Records contained in a dataset:

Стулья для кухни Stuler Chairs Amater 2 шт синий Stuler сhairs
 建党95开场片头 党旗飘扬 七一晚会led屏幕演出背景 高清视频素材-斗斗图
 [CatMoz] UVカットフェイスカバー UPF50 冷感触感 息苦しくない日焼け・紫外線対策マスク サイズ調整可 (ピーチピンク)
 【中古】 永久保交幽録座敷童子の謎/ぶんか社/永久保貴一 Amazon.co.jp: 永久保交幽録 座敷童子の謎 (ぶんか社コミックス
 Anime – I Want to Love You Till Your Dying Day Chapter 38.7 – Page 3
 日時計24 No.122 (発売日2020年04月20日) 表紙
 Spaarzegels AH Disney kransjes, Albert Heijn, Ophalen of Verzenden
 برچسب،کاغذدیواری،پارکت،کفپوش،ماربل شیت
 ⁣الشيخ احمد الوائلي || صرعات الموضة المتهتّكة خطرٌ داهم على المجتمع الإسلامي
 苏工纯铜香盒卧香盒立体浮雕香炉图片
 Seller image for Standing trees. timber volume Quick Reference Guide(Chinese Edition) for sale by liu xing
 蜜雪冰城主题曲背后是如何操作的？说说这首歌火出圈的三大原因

HOW TO COMPLETE THIS TASK —
Each line from the one containing "على المجتمع الإسلامي" through the last line of the entries above is to be returned exactly, and no others.

EXERCISE RESULT —
 ⁣الشيخ احمد الوائلي || صرعات الموضة المتهتّكة خطرٌ داهم على المجتمع الإسلامي
 苏工纯铜香盒卧香盒立体浮雕香炉图片
 Seller image for Standing trees. timber volume Quick Reference Guide(Chinese Edition) for sale by liu xing
 蜜雪冰城主题曲背后是如何操作的？说说这首歌火出圈的三大原因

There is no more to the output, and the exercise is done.